• _THE PROBLEM_
Take from the entries below the stretch from the line with "8 Maconachies Road, Majors Creek QLD 4816" through the line with "Deadstock 1992 Nike", and return it exactly, leaving the pictures out.

• _SUPPLIED MATERIAL_
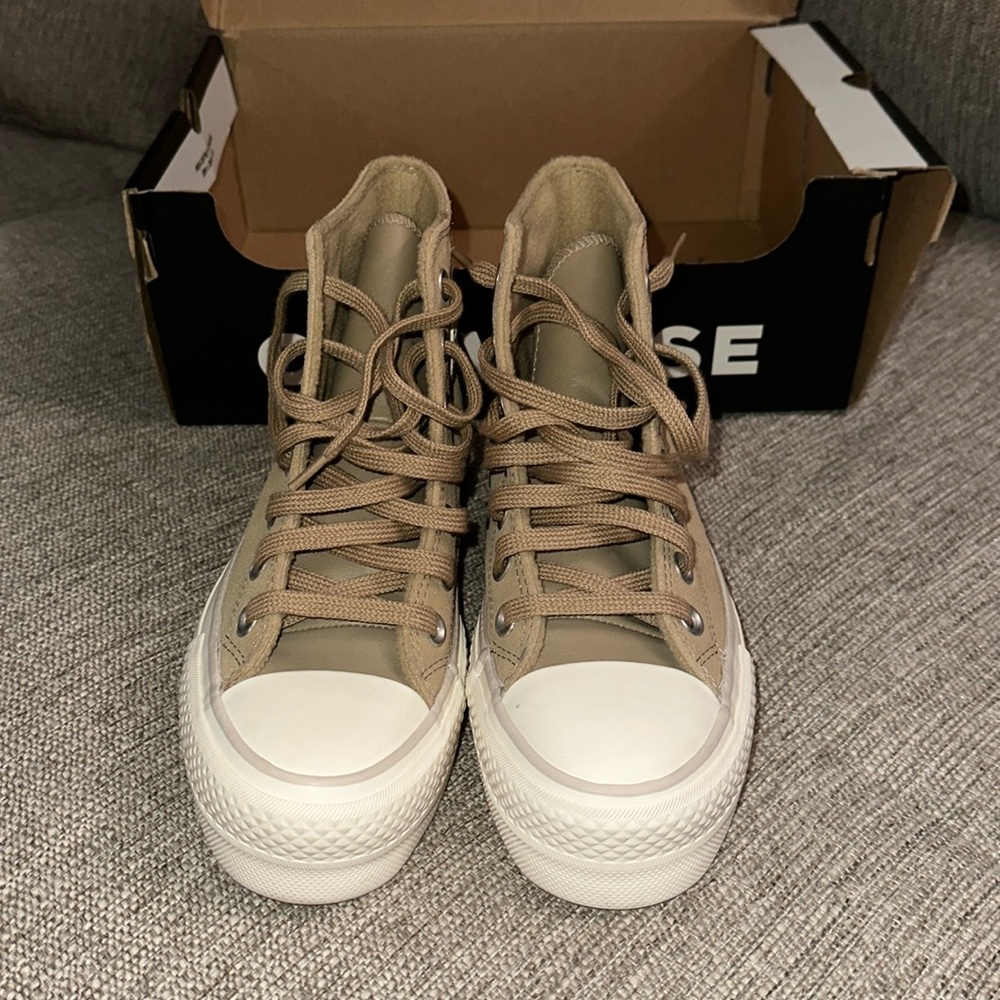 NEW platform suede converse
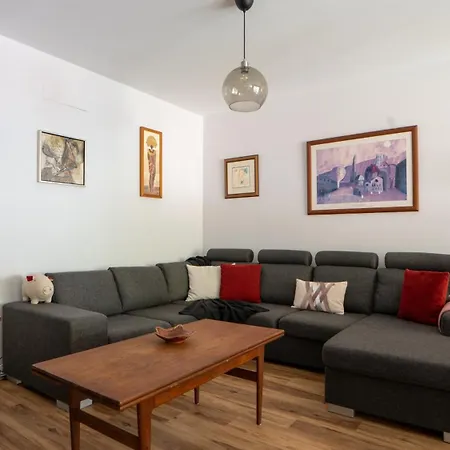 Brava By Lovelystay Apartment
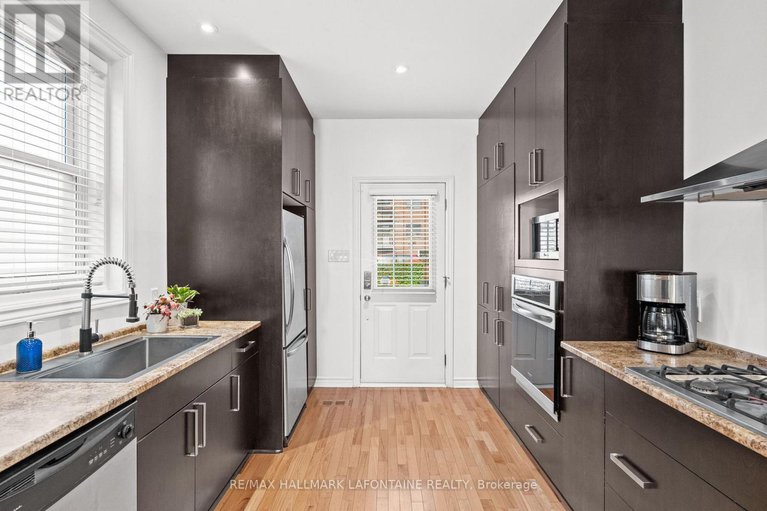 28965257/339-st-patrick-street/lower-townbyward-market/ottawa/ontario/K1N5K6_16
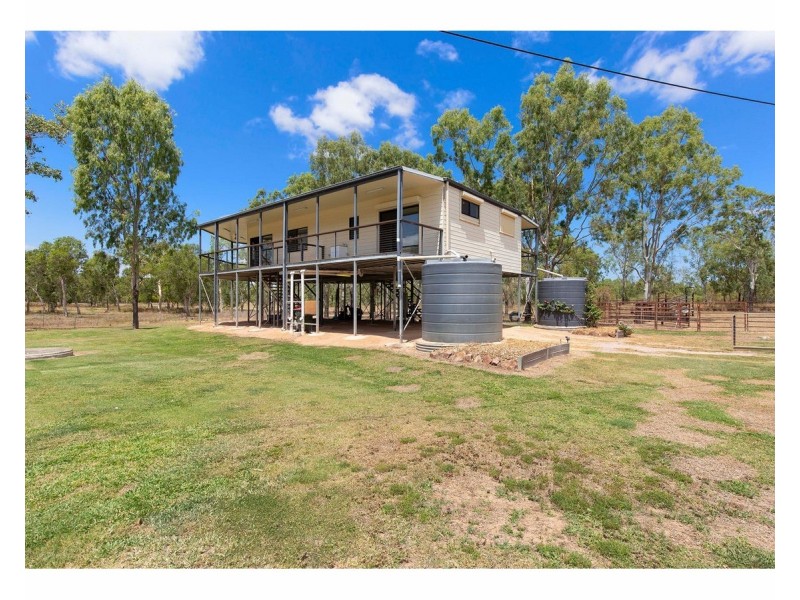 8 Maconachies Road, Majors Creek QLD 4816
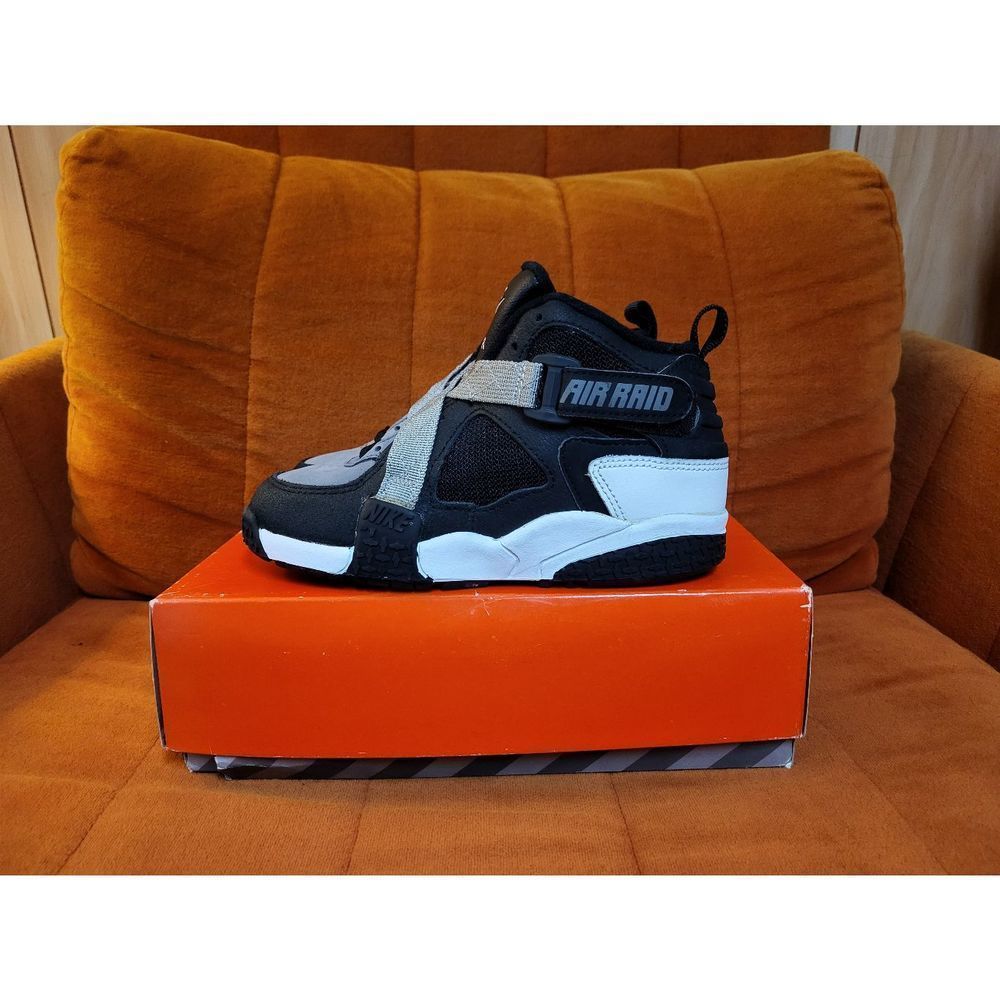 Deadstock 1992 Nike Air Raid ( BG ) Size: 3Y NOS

* * *

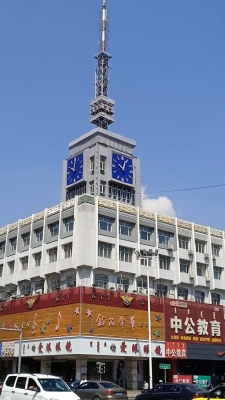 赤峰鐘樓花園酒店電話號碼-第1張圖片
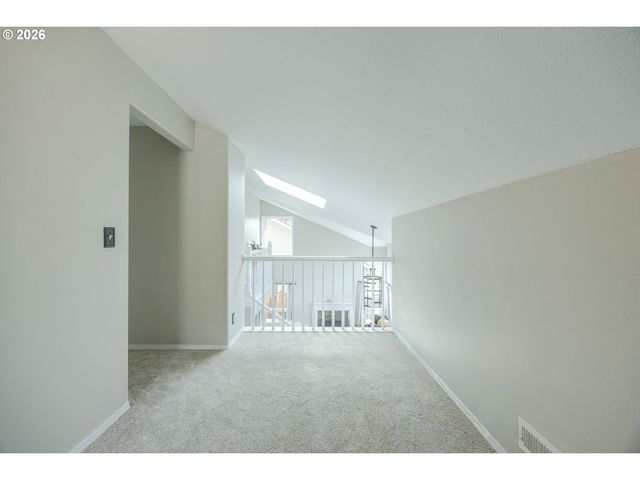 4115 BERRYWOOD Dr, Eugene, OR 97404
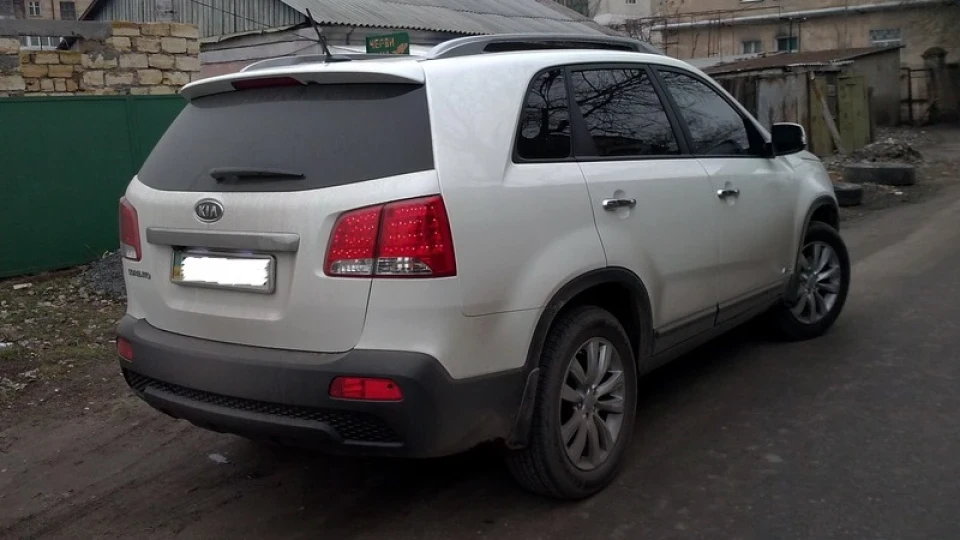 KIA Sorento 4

• _EXPECTED OUTPUT_
 8 Maconachies Road, Majors Creek QLD 4816
 Deadstock 1992 Nike Air Raid ( BG ) Size: 3Y NOS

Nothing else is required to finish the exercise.